BST_FILE = "model.bst"
iris = load_iris()
y = iris['target']
X = iris['data']
dtrain = xgb.DMatrix(X, label=y)
param = {'max_depth': 6,
'eta': 0.1,
'silent': 1,
'nthread': 4,
'num_class': 10,
'objective': 'multi:softmax'
}
xgb_model = xgb.train(params=param, dtrain=dtrain)
model_file = os.path.join((model_dir), BST_FILE)
xgb_model.save_model(model_file)
Testing locally¶
Once we've got our model.bst model serialised, we can then use
MLServer to spin up a local server.
For more details on MLServer, feel free to check the XGBoost example in their
docs.
Note that this step is optional and just meant for testing. Feel free to jump straight to deploying your trained model.
Pre-requisites¶
Firstly, to use MLServer locally, you will first need to install the mlserver
package in your local environment as well as the XGBoost runtime.
pip install mlserver mlserver-xgboost
Model settings¶
The next step will be providing some model settings so that MLServer knows:
- The inference runtime that we want our model to use (i.e.
mlserver_xgboost.XGBoostModel) - Our model's name and version
These can be specified through environment variables or by creating a local
model-settings.json file:
{
"name": "xgboost-iris",
"version": "v1.0.0",
"implementation": "mlserver_xgboost.XGBoostModel"
}
Note that, when we deploy our model, KServe will already
inject some sensible defaults so that it runs out-of-the-box without any
further configuration.
However, you can still override these defaults by providing a
model-settings.json file similar to your local one.
You can even provide a set of
model-settings.json files to load multiple
models.
Serving our model locally¶
With the mlserver package installed locally and a local model-settings.json
file, we should now be ready to start our server as:
mlserver start .
Deploy with InferenceService¶
Lastly, we will use KServe to deploy our trained model.
For this, we will just need to use version v1beta1 of the
InferenceService CRD and set the the protocolVersion field to
v2.
apiVersion: "serving.kserve.io/v1beta1"
kind: "InferenceService"
metadata:
name: "xgboost-iris"
spec:
predictor:
xgboost:
protocolVersion: "v2"
storageUri: "gs://kfserving-examples/models/xgboost/iris"
apiVersion: "serving.kserve.io/v1beta1"
kind: "InferenceService"
metadata:
name: "xgboost-iris"
spec:
predictor:
model:
modelFormat:
name: xgboost
runtime: kserve-mlserver
storageUri: "gs://kfserving-examples/models/xgboost/iris"

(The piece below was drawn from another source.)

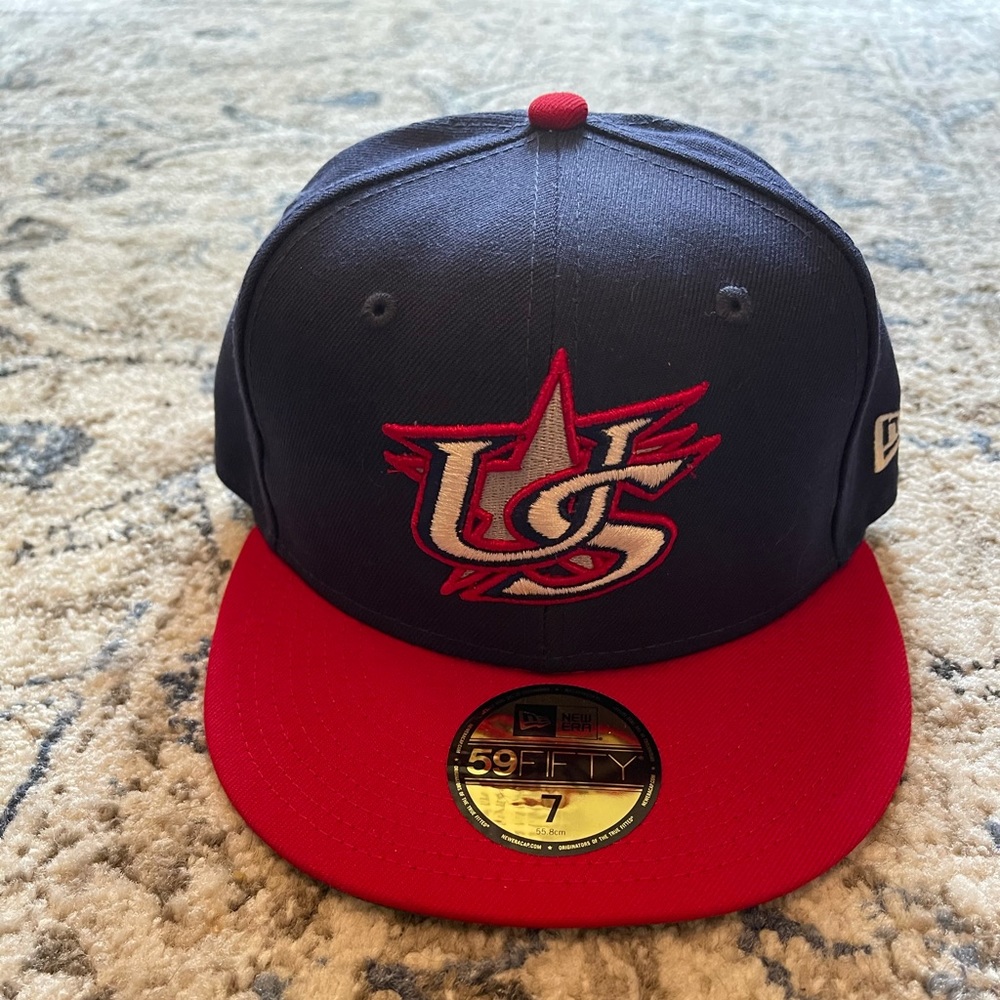 Mens USA Baseball NWTS Sz 7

Note that this makes the following assumptions:
- Your model weights (i.e. your
model.bstfile) have already been uploaded to a "model repository" (GCS in this example) and can be accessed asgs://kfserving-examples/models/xgboost/iris. - There is a K8s cluster available, accessible through
kubectl. - KServe has already been installed in your cluster.
Assuming that we've got a cluster accessible through kubectl with KServe
already installed, we can deploy our model as:
kubectl apply -f xgboost.yaml
Testing deployed model¶
We can now test our deployed model by sending a sample request.
Note that this request needs to follow the V2 Dataplane protocol. You can see an example payload below:
{
"inputs": [
{
"name": "input-0",
"shape": [2, 4],
"datatype": "FP32",
"data": [
[6.8, 2.8, 4.8, 1.4],
[6.0, 3.4, 4.5, 1.6]
]
}
]
}
Now, assuming that our ingress can be accessed at
${INGRESS_HOST}:${INGRESS_PORT}, we can use curl to send our inference
request as:
You can follow these instructions to find out your ingress IP and port.
SERVICE_HOSTNAME=$(kubectl get inferenceservice xgboost-iris -o jsonpath='{.status.url}' | cut -d "/" -f 3)
curl -v \
-H "Host: ${SERVICE_HOSTNAME}" \
-H "Content-Type: application/json" \
-d @./iris-input.json \
http://${INGRESS_HOST}:${INGRESS_PORT}/v2/models/xgboost-iris/infer
The output will be something similar to:
{
"id": "4e546709-0887-490a-abd6-00cbc4c26cf4",
"model_name": "xgboost-iris",
"model_version": "v1.0.0",
"outputs": [
{
"data": [1.0, 1.0],
"datatype": "FP32",
"name": "predict",
"parameters": null,
"shape": [2]
}
]
}